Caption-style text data
# # # #

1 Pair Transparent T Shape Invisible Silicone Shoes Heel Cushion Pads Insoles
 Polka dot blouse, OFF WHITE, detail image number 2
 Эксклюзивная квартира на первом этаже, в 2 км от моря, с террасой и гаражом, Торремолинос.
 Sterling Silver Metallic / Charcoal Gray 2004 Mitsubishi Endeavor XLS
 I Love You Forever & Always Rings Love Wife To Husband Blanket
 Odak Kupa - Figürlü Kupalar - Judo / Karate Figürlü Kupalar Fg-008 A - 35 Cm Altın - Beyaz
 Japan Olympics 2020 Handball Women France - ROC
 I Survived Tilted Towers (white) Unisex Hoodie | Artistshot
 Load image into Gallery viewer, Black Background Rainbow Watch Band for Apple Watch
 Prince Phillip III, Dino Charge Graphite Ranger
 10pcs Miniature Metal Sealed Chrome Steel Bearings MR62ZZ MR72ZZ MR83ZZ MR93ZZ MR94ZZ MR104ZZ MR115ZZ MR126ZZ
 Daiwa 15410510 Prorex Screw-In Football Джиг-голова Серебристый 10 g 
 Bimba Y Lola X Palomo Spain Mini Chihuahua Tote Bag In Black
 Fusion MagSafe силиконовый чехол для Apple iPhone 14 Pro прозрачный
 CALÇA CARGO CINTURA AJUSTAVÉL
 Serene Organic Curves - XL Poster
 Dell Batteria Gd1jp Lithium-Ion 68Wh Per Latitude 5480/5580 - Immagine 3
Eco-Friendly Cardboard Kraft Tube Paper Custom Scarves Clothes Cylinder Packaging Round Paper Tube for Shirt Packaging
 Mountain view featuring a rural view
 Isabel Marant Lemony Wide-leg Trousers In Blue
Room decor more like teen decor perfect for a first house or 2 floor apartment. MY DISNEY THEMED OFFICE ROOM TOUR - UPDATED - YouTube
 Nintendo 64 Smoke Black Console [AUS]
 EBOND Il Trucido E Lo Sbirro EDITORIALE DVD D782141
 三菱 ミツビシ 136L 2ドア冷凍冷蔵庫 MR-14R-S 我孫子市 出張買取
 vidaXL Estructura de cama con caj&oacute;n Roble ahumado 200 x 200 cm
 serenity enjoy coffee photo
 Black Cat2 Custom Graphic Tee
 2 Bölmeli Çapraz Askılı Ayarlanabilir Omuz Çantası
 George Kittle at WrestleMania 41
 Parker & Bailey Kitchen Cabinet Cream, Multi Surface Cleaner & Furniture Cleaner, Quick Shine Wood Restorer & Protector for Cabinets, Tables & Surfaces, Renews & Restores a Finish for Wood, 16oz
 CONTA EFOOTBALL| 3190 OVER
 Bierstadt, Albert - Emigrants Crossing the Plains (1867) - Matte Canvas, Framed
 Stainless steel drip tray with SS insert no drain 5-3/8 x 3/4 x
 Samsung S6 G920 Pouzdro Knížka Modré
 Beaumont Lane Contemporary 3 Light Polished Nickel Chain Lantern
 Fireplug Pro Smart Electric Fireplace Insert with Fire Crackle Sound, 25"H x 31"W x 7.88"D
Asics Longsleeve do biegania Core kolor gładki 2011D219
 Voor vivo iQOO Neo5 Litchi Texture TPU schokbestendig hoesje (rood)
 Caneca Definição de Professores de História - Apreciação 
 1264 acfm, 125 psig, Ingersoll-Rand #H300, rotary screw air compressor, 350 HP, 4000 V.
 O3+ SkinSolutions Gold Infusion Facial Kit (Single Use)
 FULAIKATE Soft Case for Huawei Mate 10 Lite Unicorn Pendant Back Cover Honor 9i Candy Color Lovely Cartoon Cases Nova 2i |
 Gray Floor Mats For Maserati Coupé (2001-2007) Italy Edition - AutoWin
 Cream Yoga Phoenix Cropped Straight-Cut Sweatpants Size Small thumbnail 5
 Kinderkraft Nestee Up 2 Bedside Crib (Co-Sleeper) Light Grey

# # # #

[What the task asks]: Output only the lines from the line that contains "Gray Floor Mats" through the end of the entries, both included, exactly as they appear.

[Exercise response]:
 Gray Floor Mats For Maserati Coupé (2001-2007) Italy Edition - AutoWin
 Cream Yoga Phoenix Cropped Straight-Cut Sweatpants Size Small thumbnail 5
 Kinderkraft Nestee Up 2 Bedside Crib (Co-Sleeper) Light Grey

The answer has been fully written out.